Caption-style text data:
==*==

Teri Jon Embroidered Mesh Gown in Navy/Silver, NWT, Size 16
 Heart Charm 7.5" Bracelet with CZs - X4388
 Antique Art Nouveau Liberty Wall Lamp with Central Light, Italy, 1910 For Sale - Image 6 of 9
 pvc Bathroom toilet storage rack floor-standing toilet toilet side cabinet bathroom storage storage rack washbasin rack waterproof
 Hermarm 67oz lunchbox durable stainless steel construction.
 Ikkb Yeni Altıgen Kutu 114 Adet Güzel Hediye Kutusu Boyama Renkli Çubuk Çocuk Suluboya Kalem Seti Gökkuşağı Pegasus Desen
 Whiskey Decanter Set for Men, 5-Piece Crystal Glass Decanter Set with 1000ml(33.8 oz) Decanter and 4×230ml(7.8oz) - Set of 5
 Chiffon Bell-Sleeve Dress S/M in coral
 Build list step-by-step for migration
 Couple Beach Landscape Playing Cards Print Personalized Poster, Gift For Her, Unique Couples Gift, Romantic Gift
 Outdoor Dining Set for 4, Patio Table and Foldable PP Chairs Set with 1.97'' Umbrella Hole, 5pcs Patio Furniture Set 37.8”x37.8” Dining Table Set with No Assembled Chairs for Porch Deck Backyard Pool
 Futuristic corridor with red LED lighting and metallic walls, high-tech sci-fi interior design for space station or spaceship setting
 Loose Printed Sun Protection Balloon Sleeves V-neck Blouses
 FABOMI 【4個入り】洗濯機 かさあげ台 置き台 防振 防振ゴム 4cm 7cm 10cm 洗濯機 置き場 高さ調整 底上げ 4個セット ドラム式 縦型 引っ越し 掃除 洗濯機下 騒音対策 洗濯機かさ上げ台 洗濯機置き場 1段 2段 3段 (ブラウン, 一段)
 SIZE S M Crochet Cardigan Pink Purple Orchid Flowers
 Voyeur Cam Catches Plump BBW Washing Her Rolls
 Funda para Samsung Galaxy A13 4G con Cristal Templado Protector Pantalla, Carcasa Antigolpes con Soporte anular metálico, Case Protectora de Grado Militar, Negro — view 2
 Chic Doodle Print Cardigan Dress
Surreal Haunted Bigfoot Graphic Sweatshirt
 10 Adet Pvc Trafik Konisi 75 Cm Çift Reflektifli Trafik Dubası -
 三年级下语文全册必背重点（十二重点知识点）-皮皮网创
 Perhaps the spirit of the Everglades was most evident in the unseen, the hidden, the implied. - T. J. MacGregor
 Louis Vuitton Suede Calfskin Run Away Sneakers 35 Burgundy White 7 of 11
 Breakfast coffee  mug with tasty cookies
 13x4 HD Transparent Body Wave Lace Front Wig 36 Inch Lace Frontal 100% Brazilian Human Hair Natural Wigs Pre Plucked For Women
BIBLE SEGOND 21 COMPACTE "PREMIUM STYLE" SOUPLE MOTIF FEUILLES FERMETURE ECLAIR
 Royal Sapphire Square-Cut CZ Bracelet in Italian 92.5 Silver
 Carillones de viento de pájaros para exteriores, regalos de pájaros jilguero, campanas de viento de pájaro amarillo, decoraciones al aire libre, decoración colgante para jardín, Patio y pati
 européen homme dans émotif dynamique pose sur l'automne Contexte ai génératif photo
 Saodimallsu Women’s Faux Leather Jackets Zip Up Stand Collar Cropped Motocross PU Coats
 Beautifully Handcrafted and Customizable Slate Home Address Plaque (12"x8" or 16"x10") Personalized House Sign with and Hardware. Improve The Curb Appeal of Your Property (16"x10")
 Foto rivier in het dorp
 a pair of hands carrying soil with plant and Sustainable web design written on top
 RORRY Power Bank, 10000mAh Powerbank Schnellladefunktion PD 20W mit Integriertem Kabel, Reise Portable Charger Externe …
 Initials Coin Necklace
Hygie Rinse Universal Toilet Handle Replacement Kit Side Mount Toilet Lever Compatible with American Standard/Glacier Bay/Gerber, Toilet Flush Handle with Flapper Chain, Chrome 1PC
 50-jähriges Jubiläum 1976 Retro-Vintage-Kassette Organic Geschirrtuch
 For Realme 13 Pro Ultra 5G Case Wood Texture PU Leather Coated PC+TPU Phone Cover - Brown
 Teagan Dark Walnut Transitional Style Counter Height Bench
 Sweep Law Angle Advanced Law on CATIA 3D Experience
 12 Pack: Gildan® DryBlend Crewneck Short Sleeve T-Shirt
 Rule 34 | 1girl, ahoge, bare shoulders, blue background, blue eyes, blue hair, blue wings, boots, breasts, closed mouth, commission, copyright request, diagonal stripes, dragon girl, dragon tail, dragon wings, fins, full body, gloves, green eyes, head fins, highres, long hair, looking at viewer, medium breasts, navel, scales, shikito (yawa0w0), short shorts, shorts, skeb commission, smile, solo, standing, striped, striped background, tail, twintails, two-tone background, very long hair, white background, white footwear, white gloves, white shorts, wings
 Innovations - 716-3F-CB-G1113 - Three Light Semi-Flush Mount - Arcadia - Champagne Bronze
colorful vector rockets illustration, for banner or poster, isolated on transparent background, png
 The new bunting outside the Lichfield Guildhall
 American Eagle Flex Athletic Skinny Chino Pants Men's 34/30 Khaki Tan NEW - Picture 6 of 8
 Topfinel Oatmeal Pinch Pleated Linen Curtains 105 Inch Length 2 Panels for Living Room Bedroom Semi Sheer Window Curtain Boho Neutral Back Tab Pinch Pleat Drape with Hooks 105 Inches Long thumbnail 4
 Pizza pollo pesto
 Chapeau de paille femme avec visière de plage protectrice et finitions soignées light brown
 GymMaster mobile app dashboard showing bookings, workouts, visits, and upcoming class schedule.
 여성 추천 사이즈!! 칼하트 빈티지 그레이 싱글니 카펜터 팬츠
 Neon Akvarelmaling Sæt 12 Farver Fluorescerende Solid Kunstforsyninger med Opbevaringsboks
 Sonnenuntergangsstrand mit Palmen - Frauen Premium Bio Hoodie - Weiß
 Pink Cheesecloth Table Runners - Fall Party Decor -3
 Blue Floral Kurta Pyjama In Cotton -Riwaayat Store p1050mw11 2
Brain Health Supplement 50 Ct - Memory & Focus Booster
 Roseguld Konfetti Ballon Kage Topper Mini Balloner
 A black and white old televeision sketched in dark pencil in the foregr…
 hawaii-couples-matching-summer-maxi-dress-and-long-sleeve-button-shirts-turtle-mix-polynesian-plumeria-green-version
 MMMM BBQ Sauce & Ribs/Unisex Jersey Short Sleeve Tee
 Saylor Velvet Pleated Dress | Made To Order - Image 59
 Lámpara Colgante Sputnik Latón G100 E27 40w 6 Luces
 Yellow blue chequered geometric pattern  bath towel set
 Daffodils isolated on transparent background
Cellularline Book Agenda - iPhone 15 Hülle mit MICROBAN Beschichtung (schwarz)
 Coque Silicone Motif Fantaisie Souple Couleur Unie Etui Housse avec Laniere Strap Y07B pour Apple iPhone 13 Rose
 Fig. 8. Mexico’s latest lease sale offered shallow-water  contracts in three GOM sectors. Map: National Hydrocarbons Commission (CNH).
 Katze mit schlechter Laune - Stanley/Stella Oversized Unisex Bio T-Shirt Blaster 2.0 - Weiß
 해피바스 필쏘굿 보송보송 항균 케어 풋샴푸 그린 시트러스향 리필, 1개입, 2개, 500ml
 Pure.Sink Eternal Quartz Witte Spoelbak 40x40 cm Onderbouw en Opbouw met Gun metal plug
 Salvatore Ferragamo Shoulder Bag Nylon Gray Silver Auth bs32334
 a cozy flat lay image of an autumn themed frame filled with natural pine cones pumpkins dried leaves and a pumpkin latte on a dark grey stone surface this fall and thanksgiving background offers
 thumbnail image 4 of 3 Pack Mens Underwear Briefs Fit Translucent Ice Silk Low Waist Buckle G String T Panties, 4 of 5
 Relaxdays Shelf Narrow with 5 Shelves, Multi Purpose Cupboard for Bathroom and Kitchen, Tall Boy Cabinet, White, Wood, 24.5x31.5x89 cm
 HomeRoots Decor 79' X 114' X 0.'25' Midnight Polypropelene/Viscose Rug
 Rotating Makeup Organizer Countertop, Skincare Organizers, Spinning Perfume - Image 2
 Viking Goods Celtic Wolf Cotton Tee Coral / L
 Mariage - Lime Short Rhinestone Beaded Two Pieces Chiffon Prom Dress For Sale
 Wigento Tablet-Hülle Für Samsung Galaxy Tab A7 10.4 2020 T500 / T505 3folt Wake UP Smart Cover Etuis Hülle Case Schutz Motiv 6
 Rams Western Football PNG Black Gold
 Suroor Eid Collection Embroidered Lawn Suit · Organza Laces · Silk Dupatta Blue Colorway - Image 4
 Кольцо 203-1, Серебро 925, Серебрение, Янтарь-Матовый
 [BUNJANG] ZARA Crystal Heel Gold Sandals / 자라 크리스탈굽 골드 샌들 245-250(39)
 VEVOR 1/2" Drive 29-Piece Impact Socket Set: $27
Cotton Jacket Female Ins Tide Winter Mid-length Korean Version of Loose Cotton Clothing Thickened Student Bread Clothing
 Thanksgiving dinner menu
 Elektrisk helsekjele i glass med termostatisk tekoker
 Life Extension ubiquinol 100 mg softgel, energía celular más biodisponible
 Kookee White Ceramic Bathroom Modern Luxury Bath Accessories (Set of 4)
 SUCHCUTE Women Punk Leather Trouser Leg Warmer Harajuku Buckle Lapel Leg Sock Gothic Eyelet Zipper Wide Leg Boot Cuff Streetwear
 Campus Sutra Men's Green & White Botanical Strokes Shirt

==*==

Work to complete: Of the lines above, extract only those from the line with "American Eagle Flex" to the line with "A black and", both included, exactly as written.

Response:
 American Eagle Flex Athletic Skinny Chino Pants Men's 34/30 Khaki Tan NEW - Picture 6 of 8
 Topfinel Oatmeal Pinch Pleated Linen Curtains 105 Inch Length 2 Panels for Living Room Bedroom Semi Sheer Window Curtain Boho Neutral Back Tab Pinch Pleat Drape with Hooks 105 Inches Long thumbnail 4
 Pizza pollo pesto
 Chapeau de paille femme avec visière de plage protectrice et finitions soignées light brown
 GymMaster mobile app dashboard showing bookings, workouts, visits, and upcoming class schedule.
 여성 추천 사이즈!! 칼하트 빈티지 그레이 싱글니 카펜터 팬츠
 Neon Akvarelmaling Sæt 12 Farver Fluorescerende Solid Kunstforsyninger med Opbevaringsboks
 Sonnenuntergangsstrand mit Palmen - Frauen Premium Bio Hoodie - Weiß
 Pink Cheesecloth Table Runners - Fall Party Decor -3
 Blue Floral Kurta Pyjama In Cotton -Riwaayat Store p1050mw11 2
Brain Health Supplement 50 Ct - Memory & Focus Booster
 Roseguld Konfetti Ballon Kage Topper Mini Balloner
 A black and white old televeision sketched in dark pencil in the foregr…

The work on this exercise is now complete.